The footwear retailer Clarks is kicking off talks with landlords about store closures and rent cuts, reviving tensions between high street shop-owners and tenants which have been thrust into sharp focus during the COVID-19 crisis.
Sky News understands that Clarks and its advisers are meeting with landlords this week to discuss a restructuring that would see the chain switch to a ‘turnover rent’ model for future rent payments.
The proposed deal, which must be approved by creditors, would be in the form of a company voluntary arrangement (CVA), a form of insolvency mechanism which has been, at times, controversially deployed by retailers and casual dining operators.
If the CVA is approved, it would pave the way for Clarks to receive a cash injection of more than £100m from LionRock Capital, a Hong Kong-based private equity firm.
That would entail the founding Clark family, who established the business in Somerset in 1825, relinquishing majority ownership of the company for the first time.

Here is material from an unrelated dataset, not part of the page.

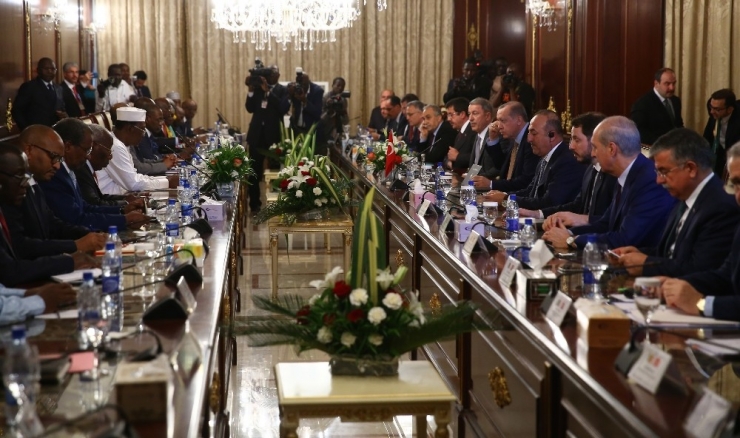 Cumhurbaşkanı Erdoğan, Çad’da Heyetlerarası Görüşmeye Katıldı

The restructuring would also involve the permanent closure of roughly 50 UK shops, triggering hundreds of job losses.
Clarks’ pension trustees are expected to play a significant role in the CVA vote, with the deliberations over the chain’s future coming as the COVID-19 pandemic continues to wreak havoc on Britain’s high streets.
Numerous chains have been forced into emergency restructuring deals, although some have drawn criticism from landlords over the scale of the pain inflicted on store-owners.
The British Property Federation (BPF), which represents commercial landlords, previously attacked New Look, the fashion retailer, for “weaponising” CVAs in order to cut costs.
On Monday, Melanie Leech, the BPF chief executive, said: “The BPF supports a rescue culture for businesses in distress – including CVAs, which were designed to support a struggling business back onto its feet, with store closures and rental discounts, as part of a wider restructuring to safeguard the business’ future.
“It is in property-owners’ interests to support tenants working hard to create a sustainable future for their business.
“The CVA process, however, is increasingly being used by businesses to simply walk away from debt owed to creditors, including local authorities, and to rip up leases freely agreed with property owners, without the business addressing its wider issues. This abuse must stop.”
LionRock’s injection of funds into Clarks is understood to be contingent upon the CVA being approved, making the restructuring vote critical to securing the company’s future.
In May, Clarks’ new chief executive, Giorgio Presca, unveiled a strategy – dubbed ‘Made to Last’ – that will aim to steer it into its third century of operation.
The company was founded in 1825 and has become synonymous with generations of parents buying their children’s first pair of shoes.
It remains largely owned by descendants of Cyrus and James Clark, who founded the business in Somerset nearly 200 years ago.
Clarks trades from about 345 stores in the UK, employing thousands of people, many of whom were furloughed under the government’s Coronavirus Job Retention Scheme.
In the last year for which figures are available, Clarks reported a post-tax loss of more than £80m.
The company declined to comment specifically on a CVA, but repeated an earlier statement which said: “We recently announced Clarks’ long-term ‘Made to Last’ strategy that is designed to ensure that our business has a sustainable and successful future, keeping it in step with changes in how consumers around the world choose and buy their shoes.
“As part of this strategy the Clarks board of directors is currently reviewing options to best position our business, our people and the Clarks brand for future long-term growth.”